→ **Task details**:
Two lines below mark the span: the one containing "La diversité nous" and the one containing "グッチ GUCCI ソーホー". Set down both, plus every line between, exactly as they stand, and nothing else.
====== Source material ======
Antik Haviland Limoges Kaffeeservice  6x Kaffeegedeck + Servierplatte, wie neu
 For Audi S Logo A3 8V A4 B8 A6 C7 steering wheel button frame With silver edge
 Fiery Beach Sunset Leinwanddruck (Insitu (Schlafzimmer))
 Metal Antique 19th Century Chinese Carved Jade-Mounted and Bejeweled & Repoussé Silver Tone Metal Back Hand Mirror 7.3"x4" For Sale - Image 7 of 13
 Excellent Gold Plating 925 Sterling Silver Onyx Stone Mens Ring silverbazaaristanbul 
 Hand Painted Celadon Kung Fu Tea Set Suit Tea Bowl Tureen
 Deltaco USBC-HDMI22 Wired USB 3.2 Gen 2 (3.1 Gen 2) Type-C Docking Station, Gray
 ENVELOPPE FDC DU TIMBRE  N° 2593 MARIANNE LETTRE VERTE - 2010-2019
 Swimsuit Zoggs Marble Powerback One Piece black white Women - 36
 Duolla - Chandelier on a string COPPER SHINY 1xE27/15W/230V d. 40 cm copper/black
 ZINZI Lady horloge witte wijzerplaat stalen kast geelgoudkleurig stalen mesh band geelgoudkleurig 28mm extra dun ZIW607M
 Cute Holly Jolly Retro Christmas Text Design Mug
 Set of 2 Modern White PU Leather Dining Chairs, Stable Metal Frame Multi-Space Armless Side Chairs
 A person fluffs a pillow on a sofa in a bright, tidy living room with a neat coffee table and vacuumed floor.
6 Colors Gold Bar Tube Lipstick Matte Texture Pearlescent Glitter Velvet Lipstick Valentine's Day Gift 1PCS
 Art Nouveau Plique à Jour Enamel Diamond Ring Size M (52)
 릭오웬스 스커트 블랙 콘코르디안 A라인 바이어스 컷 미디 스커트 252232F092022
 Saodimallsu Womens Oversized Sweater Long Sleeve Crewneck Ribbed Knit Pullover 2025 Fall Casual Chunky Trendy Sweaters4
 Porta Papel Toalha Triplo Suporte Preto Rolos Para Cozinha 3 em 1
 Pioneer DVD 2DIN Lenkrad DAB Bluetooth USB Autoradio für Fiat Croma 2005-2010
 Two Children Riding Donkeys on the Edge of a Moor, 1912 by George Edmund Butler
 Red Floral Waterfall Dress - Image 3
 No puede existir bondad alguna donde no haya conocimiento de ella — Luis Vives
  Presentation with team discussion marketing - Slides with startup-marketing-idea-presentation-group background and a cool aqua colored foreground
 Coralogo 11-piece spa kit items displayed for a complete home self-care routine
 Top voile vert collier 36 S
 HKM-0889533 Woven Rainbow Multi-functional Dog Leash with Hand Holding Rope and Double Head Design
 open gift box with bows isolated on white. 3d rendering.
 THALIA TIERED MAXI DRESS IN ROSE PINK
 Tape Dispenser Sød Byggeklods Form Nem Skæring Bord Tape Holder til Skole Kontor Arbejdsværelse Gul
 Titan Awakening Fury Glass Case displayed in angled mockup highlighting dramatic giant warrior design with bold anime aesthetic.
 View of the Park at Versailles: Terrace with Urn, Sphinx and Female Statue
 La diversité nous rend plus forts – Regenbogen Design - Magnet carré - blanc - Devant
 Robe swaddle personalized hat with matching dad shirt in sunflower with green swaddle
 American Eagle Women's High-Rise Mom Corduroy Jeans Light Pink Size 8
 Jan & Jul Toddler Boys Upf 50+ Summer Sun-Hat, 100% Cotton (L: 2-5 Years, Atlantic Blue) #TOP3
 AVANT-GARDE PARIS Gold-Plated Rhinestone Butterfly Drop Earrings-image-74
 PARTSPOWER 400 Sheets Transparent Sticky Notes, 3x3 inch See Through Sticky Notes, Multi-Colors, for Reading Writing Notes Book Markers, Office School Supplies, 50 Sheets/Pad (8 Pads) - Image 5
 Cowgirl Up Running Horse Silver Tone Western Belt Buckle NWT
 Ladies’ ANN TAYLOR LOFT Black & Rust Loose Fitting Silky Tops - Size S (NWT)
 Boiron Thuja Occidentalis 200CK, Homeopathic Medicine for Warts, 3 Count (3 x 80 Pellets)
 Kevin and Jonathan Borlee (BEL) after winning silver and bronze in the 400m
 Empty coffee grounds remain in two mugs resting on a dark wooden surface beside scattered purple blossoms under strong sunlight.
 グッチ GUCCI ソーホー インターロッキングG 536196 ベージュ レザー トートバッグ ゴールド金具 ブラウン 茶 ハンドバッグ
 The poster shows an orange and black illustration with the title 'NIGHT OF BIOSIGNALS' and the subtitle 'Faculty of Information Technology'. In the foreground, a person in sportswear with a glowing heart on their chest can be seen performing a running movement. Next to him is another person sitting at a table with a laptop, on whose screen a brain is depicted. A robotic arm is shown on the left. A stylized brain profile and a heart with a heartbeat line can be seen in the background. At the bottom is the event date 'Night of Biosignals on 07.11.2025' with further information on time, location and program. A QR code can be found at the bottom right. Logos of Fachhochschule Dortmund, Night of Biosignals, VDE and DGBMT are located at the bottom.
======
→ **Exercise solution**:
 La diversité nous rend plus forts – Regenbogen Design - Magnet carré - blanc - Devant
 Robe swaddle personalized hat with matching dad shirt in sunflower with green swaddle
 American Eagle Women's High-Rise Mom Corduroy Jeans Light Pink Size 8
 Jan & Jul Toddler Boys Upf 50+ Summer Sun-Hat, 100% Cotton (L: 2-5 Years, Atlantic Blue) #TOP3
 AVANT-GARDE PARIS Gold-Plated Rhinestone Butterfly Drop Earrings-image-74
 PARTSPOWER 400 Sheets Transparent Sticky Notes, 3x3 inch See Through Sticky Notes, Multi-Colors, for Reading Writing Notes Book Markers, Office School Supplies, 50 Sheets/Pad (8 Pads) - Image 5
 Cowgirl Up Running Horse Silver Tone Western Belt Buckle NWT
 Ladies’ ANN TAYLOR LOFT Black & Rust Loose Fitting Silky Tops - Size S (NWT)
 Boiron Thuja Occidentalis 200CK, Homeopathic Medicine for Warts, 3 Count (3 x 80 Pellets)
 Kevin and Jonathan Borlee (BEL) after winning silver and bronze in the 400m
 Empty coffee grounds remain in two mugs resting on a dark wooden surface beside scattered purple blossoms under strong sunlight.
 グッチ GUCCI ソーホー インターロッキングG 536196 ベージュ レザー トートバッグ ゴールド金具 ブラウン 茶 ハンドバッグ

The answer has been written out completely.